The Next Katrina? Laura Is Experiencing “Rapid Intensification” And Will Likely Make Landfall As “A Major Hurricane”

 

 

We need to keep a very close eye on this new “monster storm” that is brewing in the Gulf of Mexico.  Laura was officially declared to be a hurricane on Tuesday morning, and at this moment it is projected to make landfall along the Gulf Coast on either late Wednesday or early Thursday.  But before it does, it is expected to undergo a process known as “rapid intensification”, and that just happens to be the exact same process that Hurricane Katrina went through just before it absolutely devastated the city of New Orleans in 2005.  After undergoing “rapid intensification”, meteorologists are expecting Hurricane Laura to come ashore as a category 3 storm with winds “of around 115 mph”

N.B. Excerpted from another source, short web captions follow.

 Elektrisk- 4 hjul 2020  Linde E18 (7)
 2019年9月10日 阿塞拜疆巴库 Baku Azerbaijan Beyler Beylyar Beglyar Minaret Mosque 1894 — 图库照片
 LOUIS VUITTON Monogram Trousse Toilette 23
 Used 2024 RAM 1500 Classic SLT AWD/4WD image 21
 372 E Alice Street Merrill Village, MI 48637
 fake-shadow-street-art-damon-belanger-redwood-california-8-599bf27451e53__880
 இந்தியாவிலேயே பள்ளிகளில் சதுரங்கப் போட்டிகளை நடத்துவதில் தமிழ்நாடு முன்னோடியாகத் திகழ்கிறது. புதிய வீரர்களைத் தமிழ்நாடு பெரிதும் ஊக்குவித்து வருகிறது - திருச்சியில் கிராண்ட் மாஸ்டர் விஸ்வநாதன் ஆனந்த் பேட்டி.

Hurricane Laura will make landfall as a major hurricane, with winds of around 115 mph and a storm surge up to 13 feet, when it strikes near the Louisiana-Texas border late Wednesday or early Thursday, according to the National Hurricane Center.

 

The storm surge estimates are “staggering amounts, life-threatening amounts,” NHC Director Ken Graham said.

 

At this point, hundreds of thousands of people living along the Gulf Coast have already been evacuated, and we are being told that this storm could cause “devastating damage” to coastal communities…

 

Laura is expected to become a Category 3 storm, which routinely cause “devastating damage” to homes, trees and infrastructure, according to the National Weather Service. Recent Category 3 storms include Harvey, which hit Texas in 2017, and Rita, which hit Louisiana in 2005.

When Hurricane Katrina made landfall in 2005, it was also a category 3 storm with top winds of approximately 125 mph.

 

So if current forecasts are accurate, Laura will be a slightly less powerful storm than Katrina was.